── EXTRACTED DATA
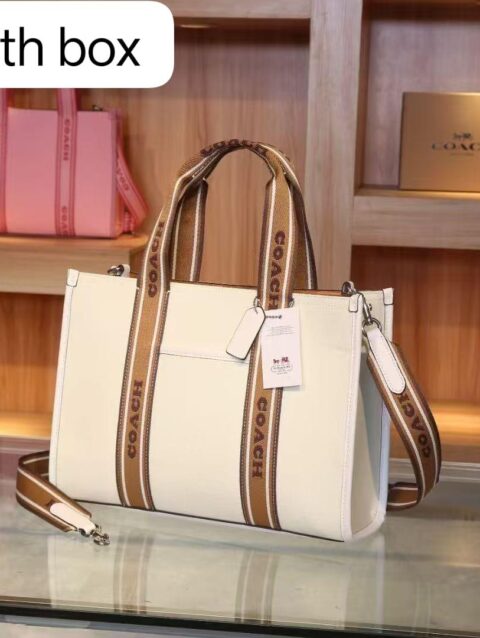 Compact Crossbody Ladies Side Bag For Daily Use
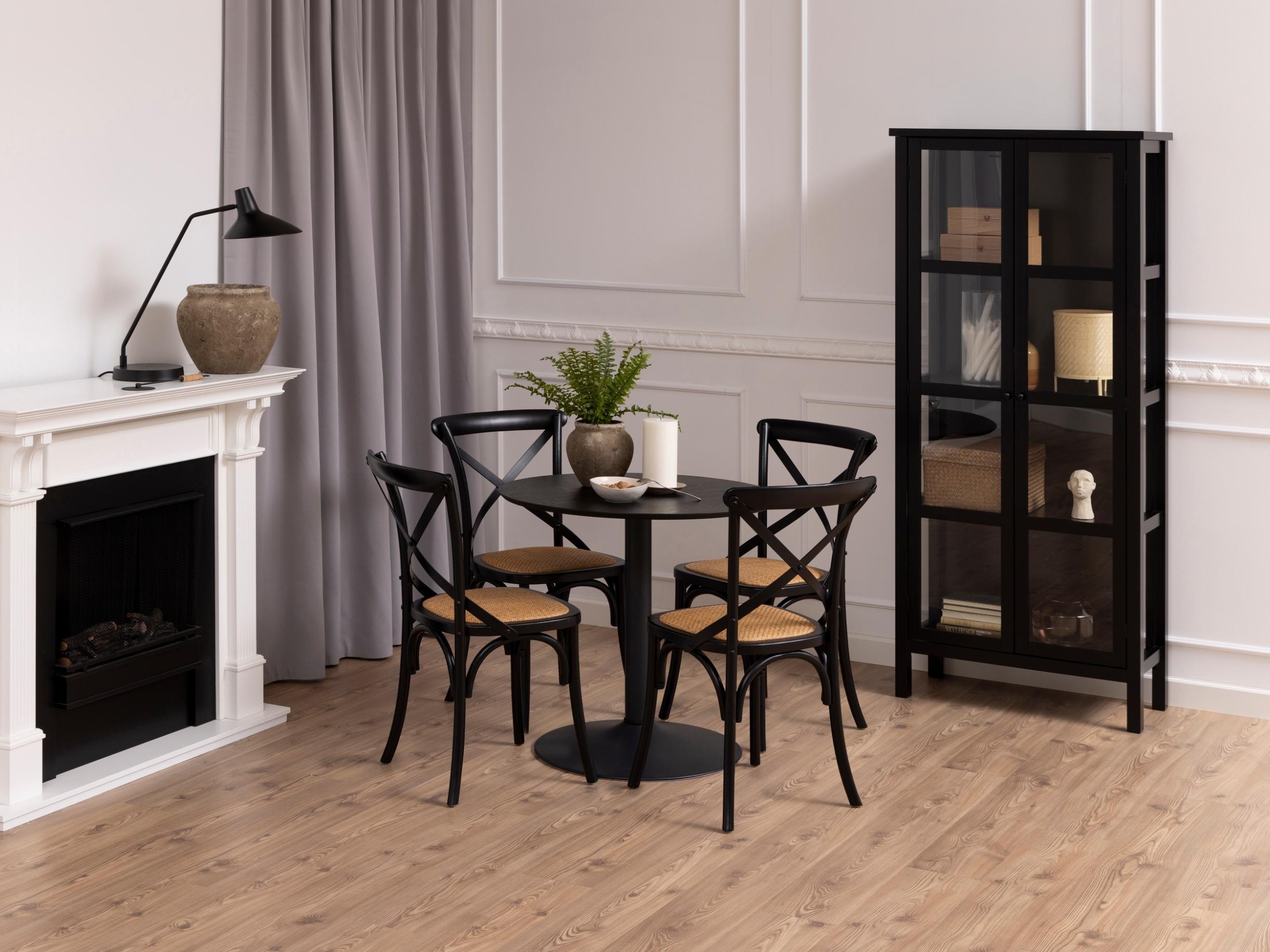 Tisch Norsica 1057 (Schwarz + Esche schwarz)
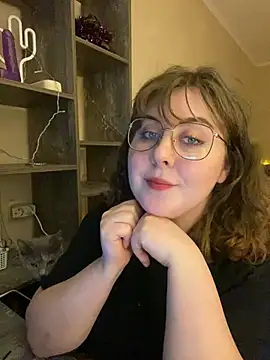 cinnabon  online show from 01/10/25, 03:58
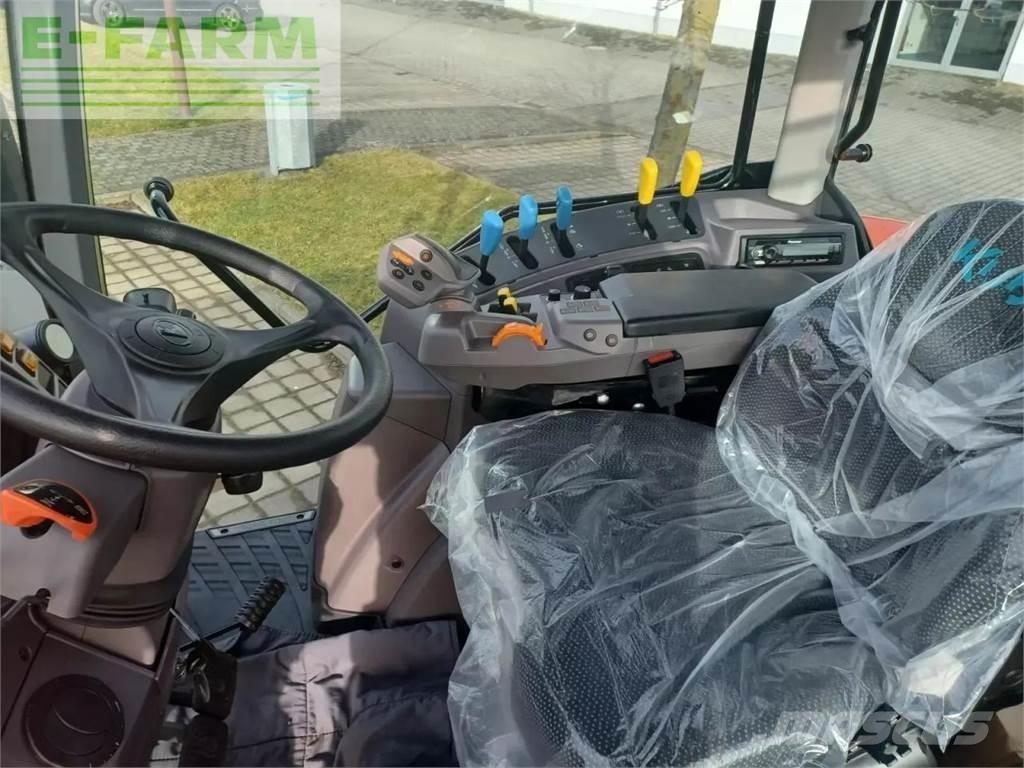 Kubota m6-122 Трактори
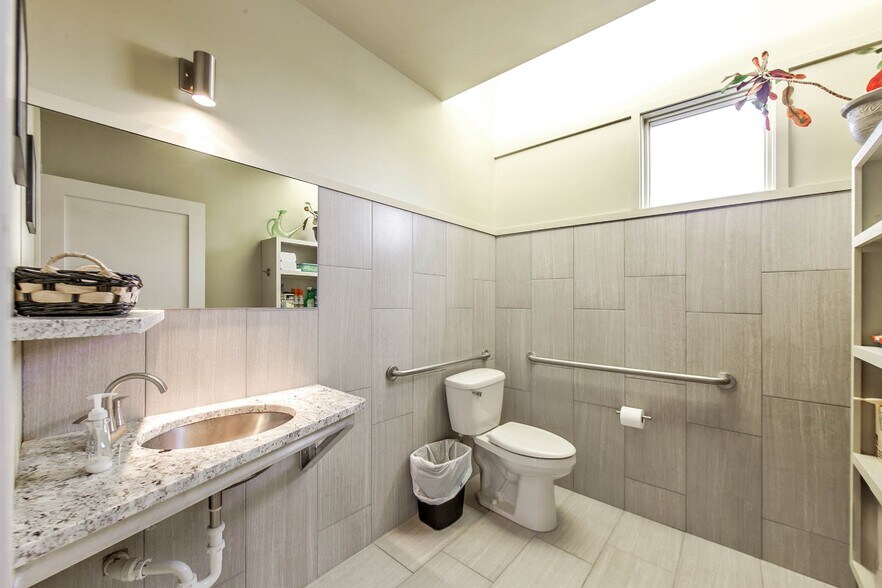 More Photos Of 179 Enterprise Dr, Houma Office Residential For Sale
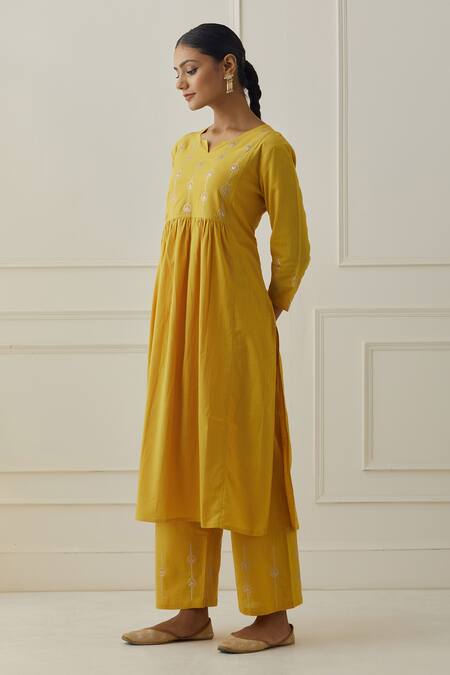Buy_Kamaltaas_Yellow Cotton Embroidery Split V-neck Yoke And Sleeve Work Kurta Set _Online_at_Aza_Fashions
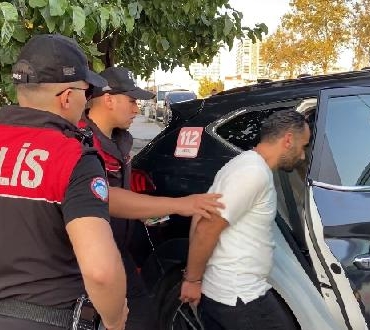 Bağcılardada yapılan denetimde 4 kişi gözaltına alındı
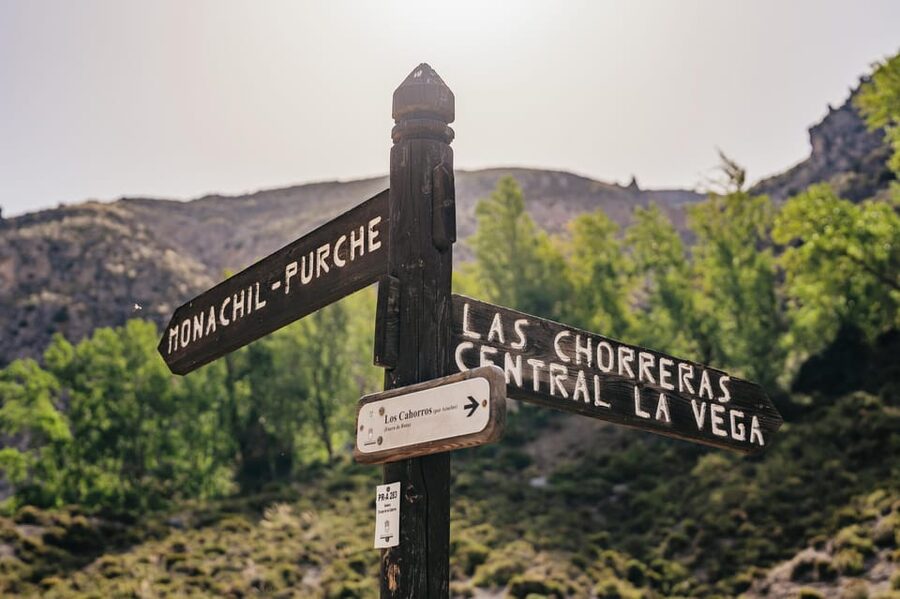 Granada: Los Cahorros de Monachil Canyon Hiking Tour - The top trail and panoramic views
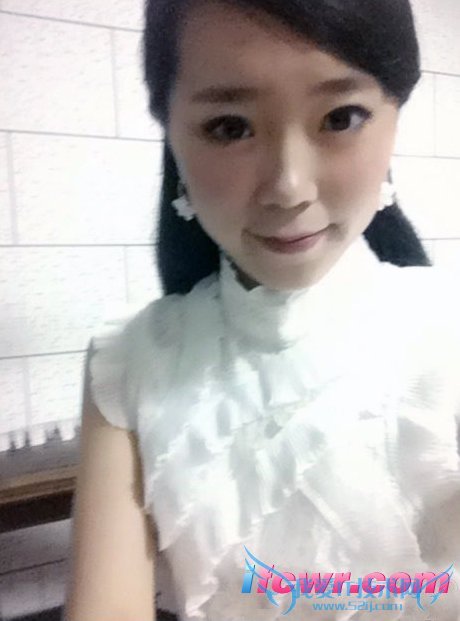 非诚勿扰23号女嘉宾穆怀林照片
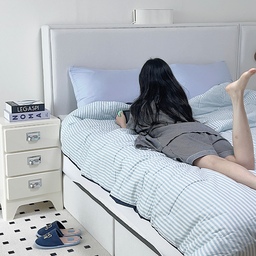 여름맞이 침구교체했어요!
시원하게 스프라이트하늘색으로!
양면으로 사용가능해 두느낌으로 연출할수있어요🩵
닝홈네는 사계절용으로 선택했어요!
포근포근하게 온몸을감싸 이불밖은 위험해요,,
#쿨톤인테리어 #침구 #사계절침구 #사계절이불 #이불 #안방 #침실인테리어 #침실 #침구인테리어 #이불인테리어 #서랍장 #실내화 #러그 #멀티탭박스 #멀티탭정리함 #화이트인테리어
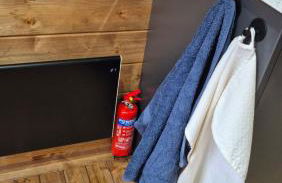 Clarence Cabin, King Bed & Free Parking - Foto 16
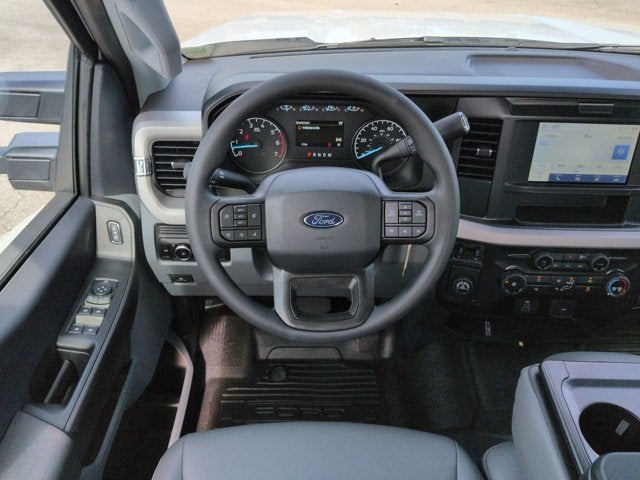 2027 Ford Super Duty F-350 SRW XL
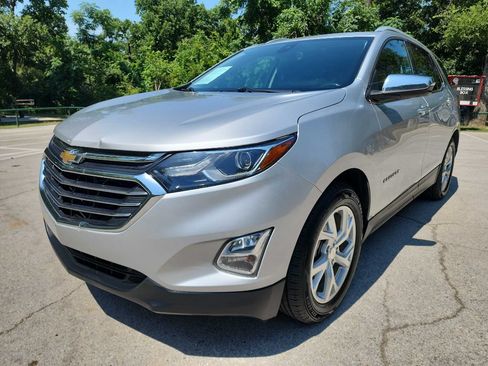 Used 2018 Chevrolet Equinox Premier FWD image 3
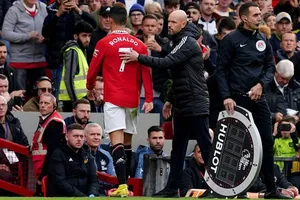 Chị gái Ronaldo 'buồn nôn' với HLV Ten Hag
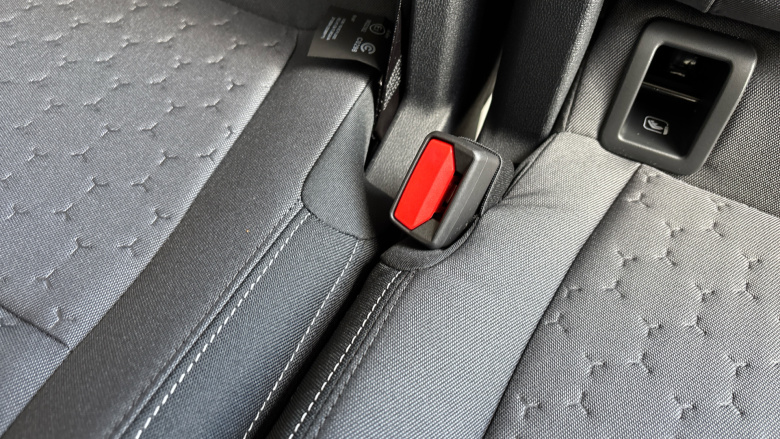 Ford Tourneo Custom 320 L1 Diesel Fwd 2.0 EcoBlue 136ps H1 Titanium 8 seater Auto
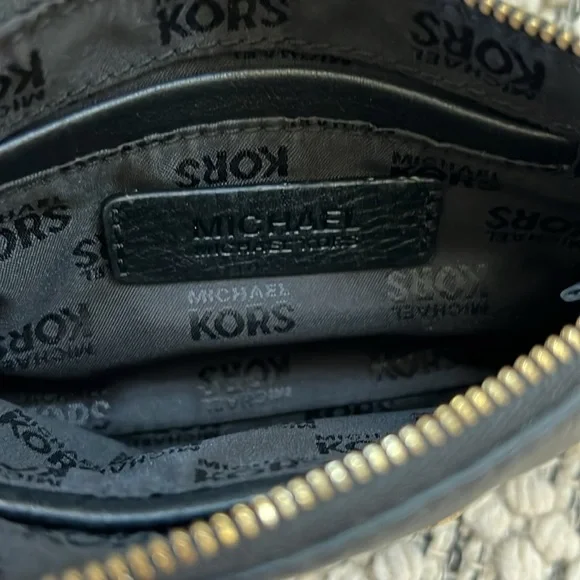 🖤 Michael Kors Wristlet | Mini Bag | Purse | Black Leather | Gold Emblem - Picture 10 of 12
────
- _THE TASK_:
Your answer must be the lines from the line containing "여름맞이 침구교체했어요!" through the final line of the data, written out exactly, both ends included and pictures left out.

- _TASK RESULT_:
 여름맞이 침구교체했어요!
시원하게 스프라이트하늘색으로!
양면으로 사용가능해 두느낌으로 연출할수있어요🩵
닝홈네는 사계절용으로 선택했어요!
포근포근하게 온몸을감싸 이불밖은 위험해요,,
#쿨톤인테리어 #침구 #사계절침구 #사계절이불 #이불 #안방 #침실인테리어 #침실 #침구인테리어 #이불인테리어 #서랍장 #실내화 #러그 #멀티탭박스 #멀티탭정리함 #화이트인테리어
 Clarence Cabin, King Bed & Free Parking - Foto 16
 2027 Ford Super Duty F-350 SRW XL
 Used 2018 Chevrolet Equinox Premier FWD image 3
 Chị gái Ronaldo 'buồn nôn' với HLV Ten Hag
 Ford Tourneo Custom 320 L1 Diesel Fwd 2.0 EcoBlue 136ps H1 Titanium 8 seater Auto
 🖤 Michael Kors Wristlet | Mini Bag | Purse | Black Leather | Gold Emblem - Picture 10 of 12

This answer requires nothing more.